- _WHAT YOU HAVE TO DO_:
Figure out the number of lines in the data that hold the string "Cream". Reply with that figure only.

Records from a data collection
* * * * * * *
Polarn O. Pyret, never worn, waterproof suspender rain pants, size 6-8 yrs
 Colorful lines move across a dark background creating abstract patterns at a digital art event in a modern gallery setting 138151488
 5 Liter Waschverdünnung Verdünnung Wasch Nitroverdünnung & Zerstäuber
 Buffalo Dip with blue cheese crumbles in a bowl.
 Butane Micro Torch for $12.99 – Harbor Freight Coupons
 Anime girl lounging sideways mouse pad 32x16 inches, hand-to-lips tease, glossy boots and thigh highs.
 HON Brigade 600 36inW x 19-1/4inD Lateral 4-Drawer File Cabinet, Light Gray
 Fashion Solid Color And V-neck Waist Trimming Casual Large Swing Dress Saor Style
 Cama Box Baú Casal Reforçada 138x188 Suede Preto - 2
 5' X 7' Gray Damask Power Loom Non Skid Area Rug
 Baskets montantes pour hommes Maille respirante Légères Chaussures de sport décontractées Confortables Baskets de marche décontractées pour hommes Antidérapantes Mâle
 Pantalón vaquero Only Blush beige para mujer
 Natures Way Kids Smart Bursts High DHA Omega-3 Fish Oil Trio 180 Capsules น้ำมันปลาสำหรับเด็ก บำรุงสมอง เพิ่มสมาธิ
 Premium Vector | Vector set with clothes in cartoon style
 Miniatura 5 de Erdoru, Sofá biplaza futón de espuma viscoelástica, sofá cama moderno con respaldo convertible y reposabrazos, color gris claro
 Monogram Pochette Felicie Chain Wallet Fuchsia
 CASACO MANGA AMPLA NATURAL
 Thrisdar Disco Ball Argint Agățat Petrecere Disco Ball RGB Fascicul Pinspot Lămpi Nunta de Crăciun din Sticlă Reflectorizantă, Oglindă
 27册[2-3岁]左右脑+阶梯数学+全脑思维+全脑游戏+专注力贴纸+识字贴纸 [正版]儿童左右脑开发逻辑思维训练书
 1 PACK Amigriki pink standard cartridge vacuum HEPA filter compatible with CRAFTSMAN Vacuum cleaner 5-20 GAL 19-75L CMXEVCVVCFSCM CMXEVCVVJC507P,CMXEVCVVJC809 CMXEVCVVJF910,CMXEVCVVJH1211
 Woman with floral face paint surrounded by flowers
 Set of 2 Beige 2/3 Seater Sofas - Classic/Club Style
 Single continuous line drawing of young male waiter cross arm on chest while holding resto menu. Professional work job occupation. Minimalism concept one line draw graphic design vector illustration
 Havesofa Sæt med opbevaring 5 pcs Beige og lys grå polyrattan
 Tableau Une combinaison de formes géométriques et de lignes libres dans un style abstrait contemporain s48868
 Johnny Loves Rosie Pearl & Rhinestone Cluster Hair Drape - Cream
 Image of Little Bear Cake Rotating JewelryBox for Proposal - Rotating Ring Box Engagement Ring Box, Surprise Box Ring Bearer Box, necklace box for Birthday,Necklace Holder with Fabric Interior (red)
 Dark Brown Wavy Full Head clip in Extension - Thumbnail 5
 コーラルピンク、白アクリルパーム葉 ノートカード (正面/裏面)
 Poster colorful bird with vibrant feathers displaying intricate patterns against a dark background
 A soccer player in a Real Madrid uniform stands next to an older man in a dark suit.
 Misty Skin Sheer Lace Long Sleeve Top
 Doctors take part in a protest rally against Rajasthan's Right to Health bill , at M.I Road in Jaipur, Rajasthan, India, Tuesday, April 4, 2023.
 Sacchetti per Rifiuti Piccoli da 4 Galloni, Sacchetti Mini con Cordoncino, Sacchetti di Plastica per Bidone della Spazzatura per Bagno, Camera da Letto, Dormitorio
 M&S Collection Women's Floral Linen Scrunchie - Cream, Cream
* * * * * * *
- _ANSWER SPACE_:
2